Monday, June 19, 2023

Nominative fair use of a logo on a motion to dismiss: common sense has its day

Xfinity Mobile v. Globalgurutech LLC, 2023 WL 3998459, No. CV-22-01950-PHX-SMB (D. Ariz. Jun. 14, 2023)

I’ve been thinking a lot after Jack Daniel’s about the role of common sense in trademark. Judge Leval in scholarship, Trademark: Champion of Free Speech, 27 Colum. J. L. & Arts 187 (2004), and the Seventh Circuit in practice, are all about using common sense rather than doctrine to limit the scope of trademark rights. This works if we generally share common sense and a consensus about what kind of “confusion” is actionable; it fails if some judges think that free riding is unfair and therefore confusing about something.  Here, common sense works to protect activity related to resale of legitimately produced goods from trademark liability, but note that it also requires theories of implicit sponsorship/affiliation to be rejected. Those theories are probably wrong! (As Justice Sotomayor’s concurrence noted, consumers generally don’t think about these supposedly implicit claims at all, and thus aren’t confused about them, as opposed to when they see explicit claims of affiliation/sponsorship like “official partner” or “FENTY x PUMA.”)

Xfinity accuses GGT of unlawfully obtaining cell phones to be lucratively resold. Xfinity sells cell phones to customers that buy its high-speed internet service. Customers are offered financial incentives to purchase the phones, and Xfinity recoups its investment by servicing customer accounts on its mobile wireless network.

Xfinity sued for various business torts, “trafficking in computer passwords,” “unauthorized access,” and trademark/contributory trademark infringement. “Xfinity alleges GGT is using fake or stolen identities to obtain Xfinity phones, and that GGT ‘unlocks’ those phones before reselling them abroad for a profit.”

Notably, the other business torts/CFAA claims survived, so GGT is not off the hook, so to speak.

However, GGT’s website use of Xfinity’s logo was nominative fair use as a matter of law. The complaint’s only alleged use of the Xfinity mark was to identify one of the carriers from which it would buy customers’ phones.

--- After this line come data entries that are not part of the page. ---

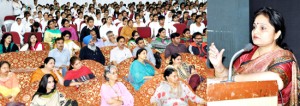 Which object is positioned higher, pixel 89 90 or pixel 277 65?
pixel 277 65

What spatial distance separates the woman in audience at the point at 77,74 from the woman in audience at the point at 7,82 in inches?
24.5

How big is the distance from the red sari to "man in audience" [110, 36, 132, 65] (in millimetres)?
4769

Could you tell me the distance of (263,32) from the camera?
2.33 meters

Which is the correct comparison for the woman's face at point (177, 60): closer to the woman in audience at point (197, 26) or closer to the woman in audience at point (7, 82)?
the woman in audience at point (7, 82)

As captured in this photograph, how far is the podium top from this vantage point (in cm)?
205

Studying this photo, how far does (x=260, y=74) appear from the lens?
2.26m

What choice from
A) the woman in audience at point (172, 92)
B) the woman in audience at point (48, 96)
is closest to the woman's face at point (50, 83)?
the woman in audience at point (48, 96)

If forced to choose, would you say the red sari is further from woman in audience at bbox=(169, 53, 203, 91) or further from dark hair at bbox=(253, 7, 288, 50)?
woman in audience at bbox=(169, 53, 203, 91)

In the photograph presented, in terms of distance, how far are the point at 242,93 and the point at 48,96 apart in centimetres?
302

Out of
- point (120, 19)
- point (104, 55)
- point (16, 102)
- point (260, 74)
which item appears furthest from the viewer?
point (120, 19)

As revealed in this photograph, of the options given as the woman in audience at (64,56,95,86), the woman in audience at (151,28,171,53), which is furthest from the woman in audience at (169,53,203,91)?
the woman in audience at (151,28,171,53)

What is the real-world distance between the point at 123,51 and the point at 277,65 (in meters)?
5.19

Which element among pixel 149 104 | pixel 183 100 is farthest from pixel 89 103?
pixel 183 100

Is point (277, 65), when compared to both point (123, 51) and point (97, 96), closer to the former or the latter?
point (97, 96) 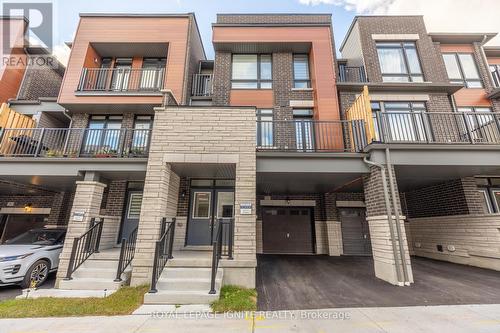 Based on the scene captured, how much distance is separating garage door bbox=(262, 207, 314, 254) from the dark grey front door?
215 inches

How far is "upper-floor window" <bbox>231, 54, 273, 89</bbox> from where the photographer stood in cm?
1052

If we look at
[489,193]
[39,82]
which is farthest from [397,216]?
[39,82]

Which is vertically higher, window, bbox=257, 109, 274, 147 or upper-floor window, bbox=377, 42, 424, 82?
upper-floor window, bbox=377, 42, 424, 82

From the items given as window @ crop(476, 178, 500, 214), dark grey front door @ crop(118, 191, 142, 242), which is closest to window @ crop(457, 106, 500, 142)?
window @ crop(476, 178, 500, 214)

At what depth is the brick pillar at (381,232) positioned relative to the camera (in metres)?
5.51

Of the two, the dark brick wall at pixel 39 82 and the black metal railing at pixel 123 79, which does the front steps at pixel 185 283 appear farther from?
the dark brick wall at pixel 39 82

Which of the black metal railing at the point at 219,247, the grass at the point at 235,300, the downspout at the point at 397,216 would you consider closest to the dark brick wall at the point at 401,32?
the downspout at the point at 397,216

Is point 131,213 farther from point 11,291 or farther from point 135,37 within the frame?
point 135,37

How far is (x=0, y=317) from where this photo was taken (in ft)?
12.6

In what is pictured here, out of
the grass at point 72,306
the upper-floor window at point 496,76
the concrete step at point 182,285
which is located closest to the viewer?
the grass at point 72,306

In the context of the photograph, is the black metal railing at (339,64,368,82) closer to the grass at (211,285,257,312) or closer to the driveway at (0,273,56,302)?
the grass at (211,285,257,312)

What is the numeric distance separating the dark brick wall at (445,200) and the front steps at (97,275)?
37.8 ft

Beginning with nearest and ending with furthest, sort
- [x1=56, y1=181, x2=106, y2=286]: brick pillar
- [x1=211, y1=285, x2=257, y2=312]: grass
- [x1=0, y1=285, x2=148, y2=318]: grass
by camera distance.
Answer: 1. [x1=0, y1=285, x2=148, y2=318]: grass
2. [x1=211, y1=285, x2=257, y2=312]: grass
3. [x1=56, y1=181, x2=106, y2=286]: brick pillar

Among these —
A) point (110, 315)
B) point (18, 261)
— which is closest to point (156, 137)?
point (110, 315) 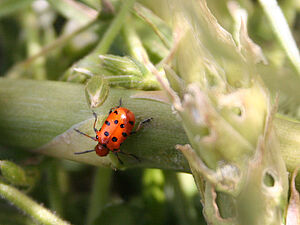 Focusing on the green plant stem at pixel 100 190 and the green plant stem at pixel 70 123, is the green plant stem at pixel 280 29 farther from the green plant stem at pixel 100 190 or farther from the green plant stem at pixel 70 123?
the green plant stem at pixel 100 190

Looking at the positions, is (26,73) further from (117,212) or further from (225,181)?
(225,181)

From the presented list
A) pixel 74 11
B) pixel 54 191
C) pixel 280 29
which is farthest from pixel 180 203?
pixel 74 11

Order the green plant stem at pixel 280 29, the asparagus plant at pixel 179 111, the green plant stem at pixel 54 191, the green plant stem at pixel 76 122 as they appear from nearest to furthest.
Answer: the asparagus plant at pixel 179 111
the green plant stem at pixel 76 122
the green plant stem at pixel 280 29
the green plant stem at pixel 54 191

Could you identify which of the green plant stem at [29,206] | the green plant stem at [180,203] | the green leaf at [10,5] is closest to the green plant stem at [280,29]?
the green plant stem at [180,203]

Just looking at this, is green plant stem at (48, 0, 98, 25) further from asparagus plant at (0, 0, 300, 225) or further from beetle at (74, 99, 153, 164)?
beetle at (74, 99, 153, 164)

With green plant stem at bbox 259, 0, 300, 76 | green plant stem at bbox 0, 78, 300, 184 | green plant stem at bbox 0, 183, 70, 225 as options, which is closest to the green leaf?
green plant stem at bbox 0, 78, 300, 184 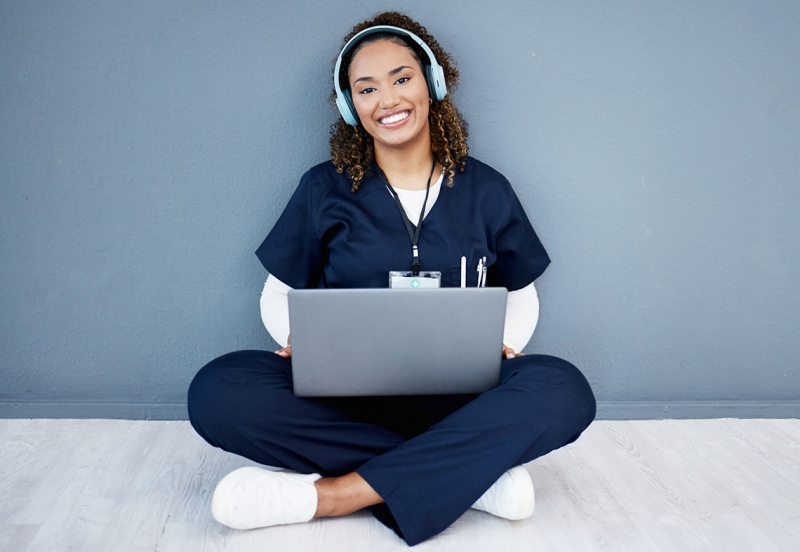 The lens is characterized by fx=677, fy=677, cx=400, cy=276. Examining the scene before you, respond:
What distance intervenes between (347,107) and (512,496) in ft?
3.24

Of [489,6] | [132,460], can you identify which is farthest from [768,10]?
[132,460]

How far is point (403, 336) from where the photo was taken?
129cm

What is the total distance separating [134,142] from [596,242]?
4.37ft

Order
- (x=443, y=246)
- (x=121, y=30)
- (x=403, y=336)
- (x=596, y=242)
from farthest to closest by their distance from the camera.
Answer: (x=596, y=242) → (x=121, y=30) → (x=443, y=246) → (x=403, y=336)

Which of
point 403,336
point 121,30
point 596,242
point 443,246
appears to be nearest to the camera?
point 403,336

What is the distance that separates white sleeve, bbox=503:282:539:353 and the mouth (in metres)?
0.54

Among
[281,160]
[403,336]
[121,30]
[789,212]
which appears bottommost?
[403,336]

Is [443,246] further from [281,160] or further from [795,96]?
[795,96]

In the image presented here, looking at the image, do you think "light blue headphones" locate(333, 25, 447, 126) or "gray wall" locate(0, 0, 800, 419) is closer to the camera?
"light blue headphones" locate(333, 25, 447, 126)

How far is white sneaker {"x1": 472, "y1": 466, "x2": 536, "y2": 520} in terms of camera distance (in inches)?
54.0

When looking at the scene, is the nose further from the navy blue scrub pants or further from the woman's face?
the navy blue scrub pants

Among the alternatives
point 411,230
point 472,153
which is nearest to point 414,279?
point 411,230

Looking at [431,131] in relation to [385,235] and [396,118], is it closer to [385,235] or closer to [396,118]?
[396,118]

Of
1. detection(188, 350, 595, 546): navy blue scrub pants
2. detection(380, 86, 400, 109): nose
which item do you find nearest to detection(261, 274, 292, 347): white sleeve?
detection(188, 350, 595, 546): navy blue scrub pants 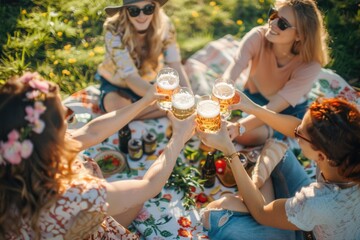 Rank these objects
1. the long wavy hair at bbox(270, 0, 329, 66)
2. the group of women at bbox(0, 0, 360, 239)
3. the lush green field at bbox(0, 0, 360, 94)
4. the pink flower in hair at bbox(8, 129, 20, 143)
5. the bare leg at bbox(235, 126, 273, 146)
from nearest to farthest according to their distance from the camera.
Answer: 1. the pink flower in hair at bbox(8, 129, 20, 143)
2. the group of women at bbox(0, 0, 360, 239)
3. the long wavy hair at bbox(270, 0, 329, 66)
4. the bare leg at bbox(235, 126, 273, 146)
5. the lush green field at bbox(0, 0, 360, 94)

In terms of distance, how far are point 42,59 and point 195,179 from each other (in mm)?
2884

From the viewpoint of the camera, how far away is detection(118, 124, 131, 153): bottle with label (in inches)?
169

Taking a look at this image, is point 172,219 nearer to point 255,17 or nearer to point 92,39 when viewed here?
point 92,39

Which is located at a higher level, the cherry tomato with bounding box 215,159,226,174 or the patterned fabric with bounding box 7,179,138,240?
the patterned fabric with bounding box 7,179,138,240

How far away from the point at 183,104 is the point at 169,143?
0.35m

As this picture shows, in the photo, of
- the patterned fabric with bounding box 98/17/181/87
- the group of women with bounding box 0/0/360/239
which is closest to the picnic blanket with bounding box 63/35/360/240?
the group of women with bounding box 0/0/360/239

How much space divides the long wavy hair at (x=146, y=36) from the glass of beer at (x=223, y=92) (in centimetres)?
138

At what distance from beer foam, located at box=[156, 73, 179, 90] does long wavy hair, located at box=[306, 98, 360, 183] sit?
1203mm

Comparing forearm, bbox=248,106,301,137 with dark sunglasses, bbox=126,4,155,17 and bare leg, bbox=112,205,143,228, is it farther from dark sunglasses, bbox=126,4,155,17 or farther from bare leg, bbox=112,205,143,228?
dark sunglasses, bbox=126,4,155,17

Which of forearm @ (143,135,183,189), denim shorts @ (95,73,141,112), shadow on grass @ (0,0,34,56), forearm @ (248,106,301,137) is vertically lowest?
denim shorts @ (95,73,141,112)

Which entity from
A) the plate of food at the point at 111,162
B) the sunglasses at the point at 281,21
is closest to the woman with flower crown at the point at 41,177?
the plate of food at the point at 111,162

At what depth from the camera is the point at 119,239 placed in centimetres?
308

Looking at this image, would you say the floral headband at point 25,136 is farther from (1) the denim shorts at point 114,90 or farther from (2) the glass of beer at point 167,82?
(1) the denim shorts at point 114,90

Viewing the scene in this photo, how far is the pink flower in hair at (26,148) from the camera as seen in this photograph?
6.95 ft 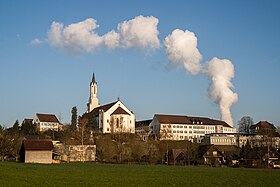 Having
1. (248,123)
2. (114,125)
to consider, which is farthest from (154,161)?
(248,123)

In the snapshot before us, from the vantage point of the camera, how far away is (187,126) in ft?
515

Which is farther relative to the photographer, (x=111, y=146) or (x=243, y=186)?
(x=111, y=146)

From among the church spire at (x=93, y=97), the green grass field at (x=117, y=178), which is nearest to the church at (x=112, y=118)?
the church spire at (x=93, y=97)

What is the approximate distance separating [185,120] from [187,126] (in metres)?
2.53

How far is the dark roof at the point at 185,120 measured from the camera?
505 ft

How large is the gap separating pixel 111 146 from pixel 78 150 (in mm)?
13611

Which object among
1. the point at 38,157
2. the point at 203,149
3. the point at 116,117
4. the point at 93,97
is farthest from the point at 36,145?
the point at 93,97

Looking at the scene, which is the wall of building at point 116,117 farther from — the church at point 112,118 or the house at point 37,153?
the house at point 37,153

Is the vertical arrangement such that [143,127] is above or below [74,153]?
above

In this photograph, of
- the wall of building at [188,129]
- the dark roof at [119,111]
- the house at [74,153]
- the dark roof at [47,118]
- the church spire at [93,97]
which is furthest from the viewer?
the church spire at [93,97]

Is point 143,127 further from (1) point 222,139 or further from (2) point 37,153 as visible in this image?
(2) point 37,153

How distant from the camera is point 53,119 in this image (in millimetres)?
156375

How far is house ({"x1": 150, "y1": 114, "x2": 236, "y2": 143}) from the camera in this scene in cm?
15277

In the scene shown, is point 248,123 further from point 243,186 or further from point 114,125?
point 243,186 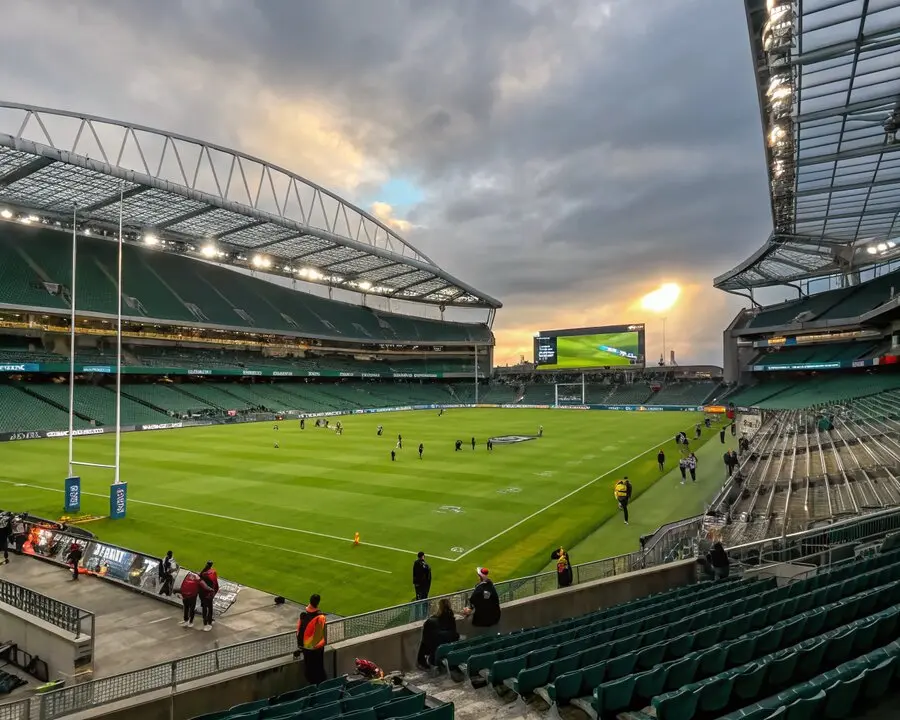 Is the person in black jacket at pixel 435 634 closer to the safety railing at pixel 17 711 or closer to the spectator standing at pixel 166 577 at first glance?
the safety railing at pixel 17 711

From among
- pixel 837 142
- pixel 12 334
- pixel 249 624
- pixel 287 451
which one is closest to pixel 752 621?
pixel 249 624

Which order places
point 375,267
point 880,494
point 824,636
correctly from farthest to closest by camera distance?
point 375,267, point 880,494, point 824,636

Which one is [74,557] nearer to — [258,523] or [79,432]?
[258,523]

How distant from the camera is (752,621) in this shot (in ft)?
25.6

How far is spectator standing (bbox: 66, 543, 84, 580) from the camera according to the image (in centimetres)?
1495

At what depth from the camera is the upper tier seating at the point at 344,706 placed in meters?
5.81

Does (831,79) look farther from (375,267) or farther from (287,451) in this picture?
(375,267)

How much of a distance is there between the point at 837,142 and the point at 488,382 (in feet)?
307

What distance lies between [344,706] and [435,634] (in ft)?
8.59

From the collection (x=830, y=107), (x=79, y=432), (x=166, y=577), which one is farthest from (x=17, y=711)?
(x=79, y=432)

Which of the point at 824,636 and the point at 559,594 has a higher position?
the point at 824,636

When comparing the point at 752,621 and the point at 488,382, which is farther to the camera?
the point at 488,382

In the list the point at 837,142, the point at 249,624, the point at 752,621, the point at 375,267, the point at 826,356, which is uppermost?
the point at 375,267

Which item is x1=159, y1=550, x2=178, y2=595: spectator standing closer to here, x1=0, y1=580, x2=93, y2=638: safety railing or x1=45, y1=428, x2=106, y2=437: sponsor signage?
x1=0, y1=580, x2=93, y2=638: safety railing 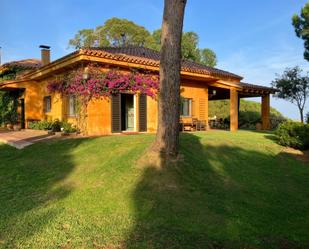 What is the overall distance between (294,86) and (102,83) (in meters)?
17.2

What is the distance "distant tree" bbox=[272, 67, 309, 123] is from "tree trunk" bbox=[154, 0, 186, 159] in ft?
65.3

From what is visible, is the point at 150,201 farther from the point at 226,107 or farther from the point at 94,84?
the point at 226,107

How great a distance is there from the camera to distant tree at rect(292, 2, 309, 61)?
21.2 m

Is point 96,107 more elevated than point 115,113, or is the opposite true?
point 96,107

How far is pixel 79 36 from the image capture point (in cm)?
4159

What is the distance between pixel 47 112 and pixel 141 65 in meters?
6.53

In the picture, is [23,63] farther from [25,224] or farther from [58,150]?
[25,224]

The court agreed that using Xfinity’s logo along with the logos of other carriers doesn’t suggest endorsement, rejecting the argument that GGT “falsely suggested that they were sponsored or endorsed by [Xfinity].” The website image allegedly “allow[s] co-conspirators to sell brand new carrier-locked phones by clicking on their respective logos.”

logos from D's website

This was nominative fair use:

Given the large number of mobile service providers, the mark’s use in the Complaint was to differentiate the carrier of origin for the iPhones GGT would buy. Without use of the mark, it would not be apparent to GGT which carrier an iPhone was associated with, if any. Similarly, Xfinity’s logo was used for the limited purpose of this identification and differentiation. Finally, nothing in the Complaint suggests a use by GGT that suggests sponsorship or endorsement by Xfinity. The website provides an instruction to “select carrier” and allows users to choose between Xfinity and many other carriers. At most, the Complaint alleges that GGT used Xfinity’s mark to advertise its willingness to purchase carrier-locked iPhones registered on Xfinity’s network.

Xfinity also argued that the phones were materially different and thus infringing. But the complaint only alleged that GGT used the logo to categorize the phones that it would purchase, before any alleged modification; the complaint further alleged that the iPhones GGT sold are “new” and “factory-sealed.”